When Columbus returned to Espanola, he found that the thirty men he
had left on the Navidad were all dead, killed by the Indians after
they had invaded the kingdom of the Maguana governed by the intrepid
Caonabo. Guillermo Coma who had accompanied Columbus wrote that bad
feeling had arisen and had broken out in warfare because of the
licentious conduct of our men towards the Indian women, for each
Spaniard had five women to minister to his pleasure.
Columbus then
built a new town, Isabella, forty leagues east of Navidad, near the
river where Pinzon had found gold in the Cibao. After Isabella was
built, Columbus set out for the gold mines of Cibao with his horsemen
and infantry. Several forts were built on the way, especially in the
plains of the Yaque River, which he named Vega Real. During their
invasion of the interior of the island, thousands of Indians were
killed. By the end of 1494 the Taino were in open revolt.
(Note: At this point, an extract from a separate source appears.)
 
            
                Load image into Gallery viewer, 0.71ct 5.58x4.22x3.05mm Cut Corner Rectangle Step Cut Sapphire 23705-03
Columbus had
hoped to put down the resistance by kidnapping Caonabo the chief of
the Cibao region and making an exemplary spectacle of him.
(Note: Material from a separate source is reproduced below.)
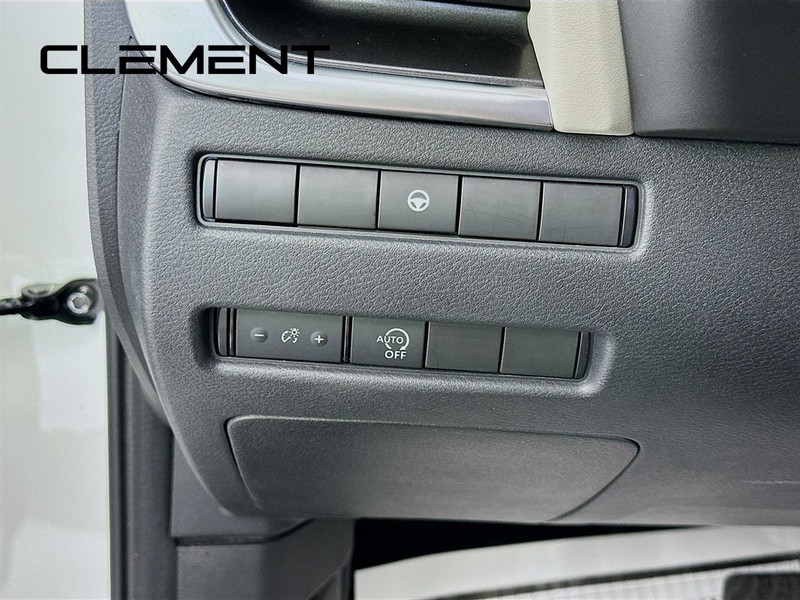 Nissan Rogue Vehicle Image 14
Columbus sent troops to occupy the north east of the island and had
more forts built in the Cibao region. He immediately instituted a
system requiring a quarterly tribute in gold from the Taino, which was
calculated according to the number of people over the age of
fourteen. He introduced Indian slavery suggesting that it would be
lucrative enough to compensate for the meager supply of gold found. In
1495, he and his men went on a raid in the interior of Espanola
capturing as many as fifteen hundred Taino, men, women and
children. Columbus picked the 500 best specimens and sent them to
Spain. Two hundred of these five hundreds Taino died en route to
Spain. Columbus’s reaction was to exclaim: Let us in the
name of the Holy Trinity go on sending all the slaves that can be
sold.
Columbus and his brother Bartholomew as well as Alonso de Hojeda undertook a series of military expeditions all over the island. Villages that could not pay the tribute imposed on the Taino were brutally repressed. Las Casas charged that two thirds of the population was thus wiped out. On July 22, 1497 the Crown authorized the distribution of lands to the Spanish colonists (Repartimiento) to sow grain and plant gardens. This land was designed to encourage permanent Spanish settlers in Espanola who were expected to establish small farms with Spanish labor. Columbus on the contrary instituted a Repartimiento where native communities were allocated to Spaniards for their own use. This system was the first concrete measure to colonize and annihilate the Taino population of Espanola.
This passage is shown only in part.